Proj HT WT 40 Y/D 10 Y/D Shuttle Broad Jump Hand Tkl TFL Sck
1 6-3 260 4.63 1.57 4.33 09’10” 10.1 64 33 20.5

McClellin might be the Justin Smith of outside linebackers. Like Justin Smith, McClellin is something of a cowboy, who was raised on a farm and who plays with a high motor.

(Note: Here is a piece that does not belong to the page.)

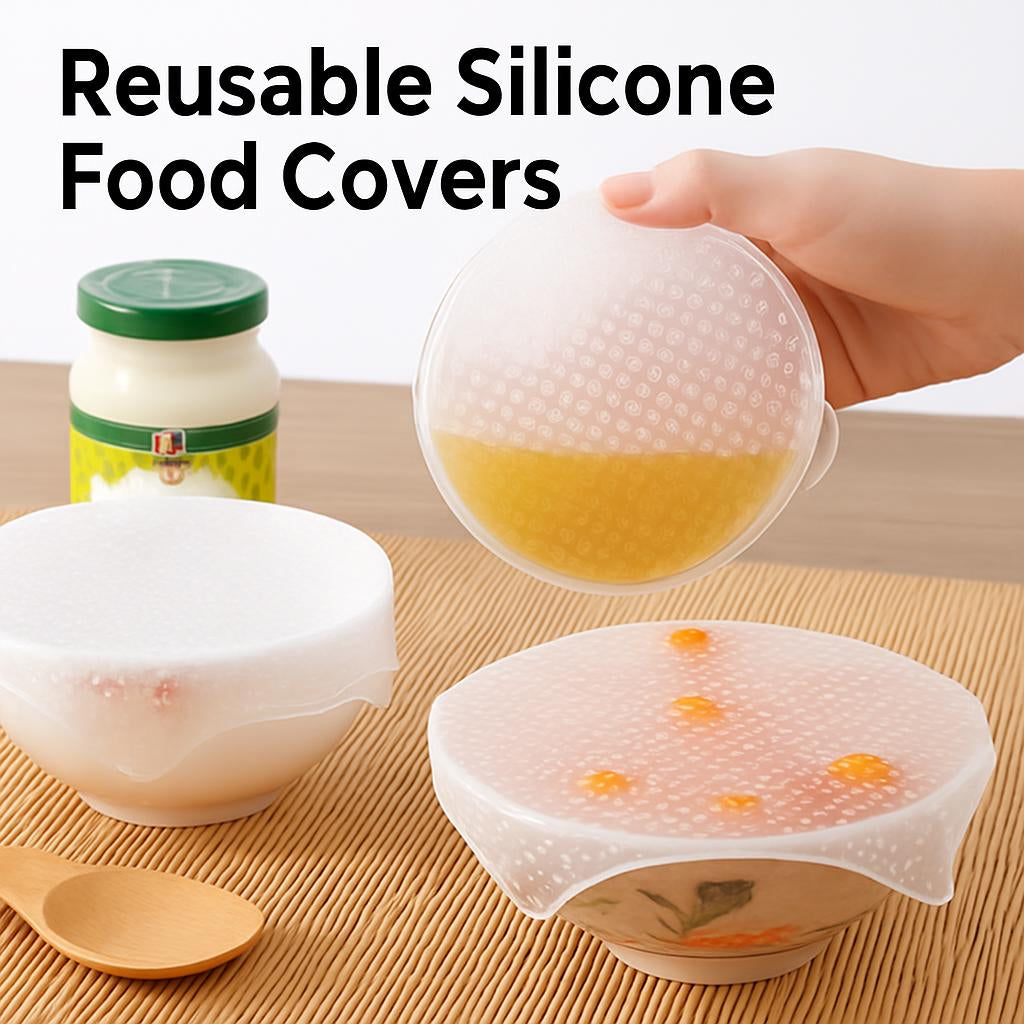 Reusable Silicone Food Covers - Eco-Friendly Stretchable Bowl Lids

According to CBSSports.com, McClellin is a “high effort and energy rusher who plays with obvious passion and intensity — relentless and tenacious motor.” ESPN Insider notes that McClellin can “convert speed-to-power and flashes ability to rock tackles back on their heels.” McClellin also shows “good suddenness with rush and has a wide variety of pass rushing moves including a quick spin and swim move to the inside as a change up to keep tackles on their toes.”

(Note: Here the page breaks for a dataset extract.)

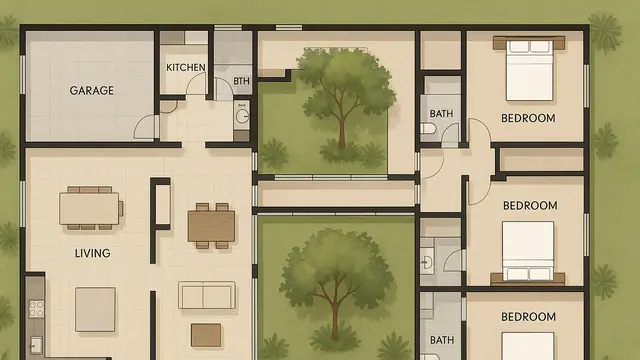 8 Denah Rumah 1 Lantai 3 Kamar Tidur dan Garasi/Ilustrasi Gambar AI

Bruce Irvin, West Virginia

Proj HT WT 40 Y/D 10 Y/D Shuttle Broad Jump Hand Tkl TFL Sck
1-2 6-3 245 4.50 1.55 4.03 10’03” 9.6 61 28.5 22.5

Irvin is a physical freak. He has drawn comparisons to former 49ers first round draft choice Manny Lawson. But, I think he’s more Aldon than Manny. According to ProFootballWeekly.com, Irvin “can run like a scalded dog and is the most explosive pass rusher of any in the draft.” ESPN Insider notes Irvin possesses “active and violent hands and can shock blockers when dialing speed-to-power moves.”

Vinny Curry, Marshall

Proj HT WT 40 Y/D 10 Y/D Shuttle Broad Jump Hand Tkl TFL Sck
2 6-3 266 4.98 1.58 4.40 09’02” 9.2 N/A 49 26

Curry doesn’t really fit the mold. His is not as long as the others. Still, like McClellin, Curry is a relentless player. According to Chad Reuter of CBSSports.com, Curry plays “with intensity and a nice anchor even when giving up 40-50 pounds against most blockers.” Jonathan Bales of the New York Times ranks Curry ahead of Mercilus and Courtney Upshaw, noting that Curry uses “superior handwork.” ESPN Insider suggests that Curry can use “torso flexibility” and a “solid closing burst” to harass the QB.

Sammy Brown, Houston

Proj HT WT 40 Y/D 10 Y/D Shuttle 3-Cone Drill Hand Tkl TFL Sck
5-6 6-2 242 4.63 1.57 4.47 10’03” N/A 169 50 21

Brown is smaller than the prototype, but, as Wes Bunting suggests, Brown “looks bigger because of his longer set of arms.” Bunting continues, noting that Brown has “a feel for getting after the passer, exhibits a good burst and closing speed around the edge and is an intriguing 34-type prospect.” The knock on Brown is that he doesn’t always play with a high motor. Still, his athleticism and pass rush ability make him an intriguing option for Baalke.

Frank Alexander, Oklahoma

Proj HT WT 40 Y/D 10 Y/D Shuttle 3-Cone Drill Hand Tkl TFL Sck
7-FA 6-4 270 4.80 1.69 4.59 09’09” 9.75 143 44 20.5

Alexander certainly fits the prescribed mold, though his workout times are a tad slower than the averages. Alexander was a highly productive pass rusher in the Big 12, earning the conference’s Co-Defensive Player of the Year award. Dane Brugler of CBSSports.com describes Alexander as a “tenacious and tough” player who “flashes strength at the point of attach with active, violent hand usage.” ProFootballWeekly.com also makes note Alexander’s “active” hands, while also describing his arms as “vines,” which he uses to “fend off blockers.” SportsIllustrated.com notes that Alexander has a “great burst off the snap” and “gets momentum going up the field and easily changes direction.”